When it comes to big cargo, this Port can do!

The second shipment of several enormous pieces of equipment built in Japan and destined for Canada via record-setting rail shipments arrived in December aboard Fairlift, owned by Jumbo of Rotterdam.  Lake Superior Warehousing Co., Inc., offloaded 138 individual components from the Fairlift, seven of which weighed in excess of 500 tons. 

The Dutch vessel Fairlift discharges one of seven 500-ton cylinders.
The first shipment of 36 pieces, which arrived on Jumbo’s Stellanova in September, contained five that weighed more than 500 tons. 

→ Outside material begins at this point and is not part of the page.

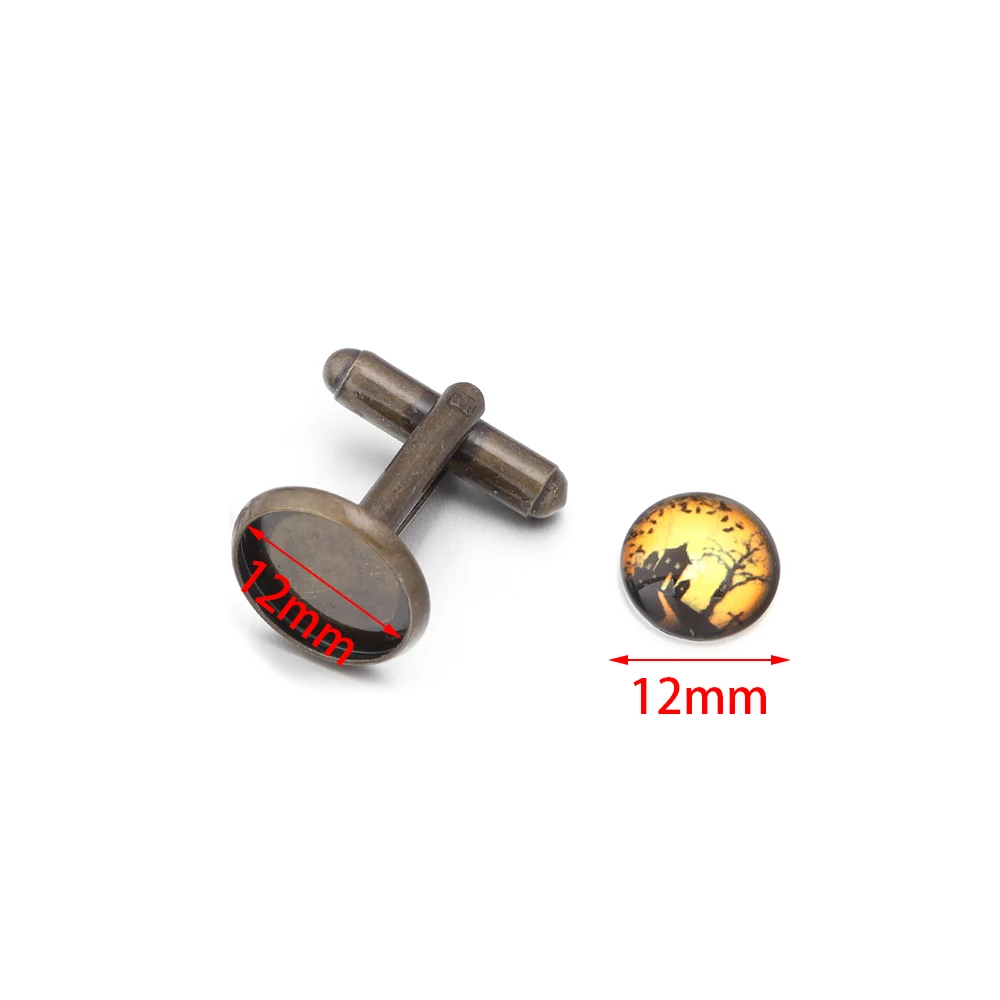 1Set 12mm Copper Cufflinks Cabochon Blank Base With Random Halloween Pattern Cabochon Set for DIY Men Shirt Cufflinks Accessorie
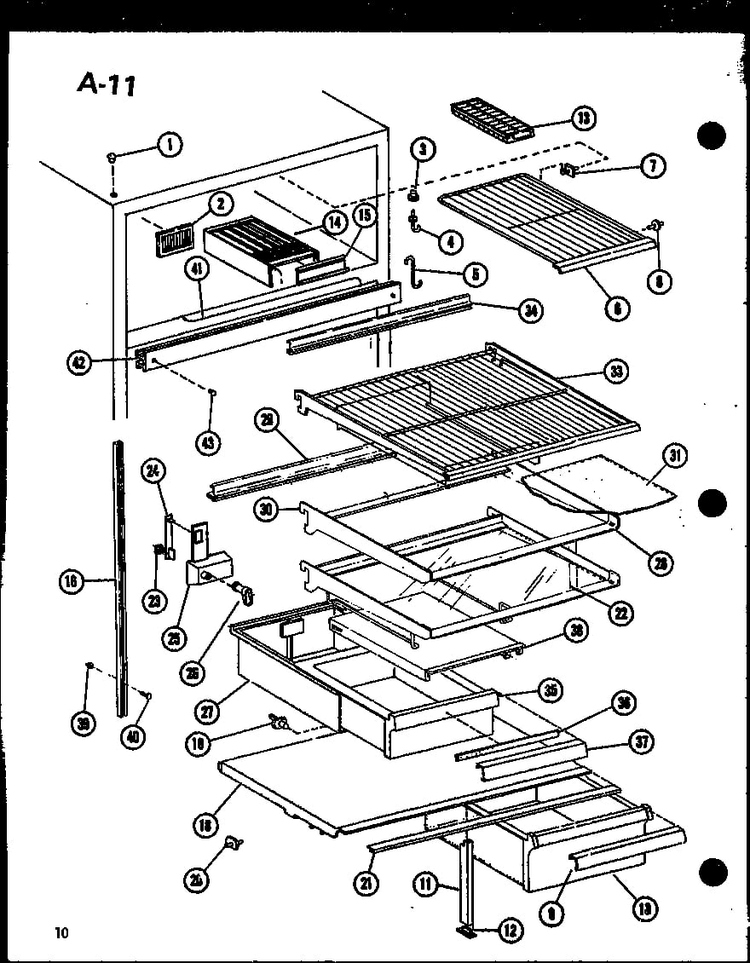 Section 4 Diagram and Parts List for TC18F-A-P75288-19WA  Amana Refrigerator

The two shipments represented the largest multiple loads ever carried over U.S. and Canadian railways, according to Ed Clarke, Fluor Daniels Canada, Inc., the transportation contractor.  The equipment is being used for the Athabasca Oil Sands Project, an oil-sands mine, extraction and upgrading development in northern
Alberta.

Designated route

This wasn’t the only unusual cargo on the move through Lake Superior Warehousing near the end of the 2000 shipping season.  The Port has become the designated route for shippers of oversized cargo — a “can-do facility,” according to LSW President Gary Nicholson. 

November alone saw the company handle turbine generator equipment from Sweden destined for Chaska, Minnesota; large pieces of ductwork from Bremen, Germany, destined for Trimont, Minnesota; and an apron conveyor system manufactured in Bremen for a crane being built in Alberta.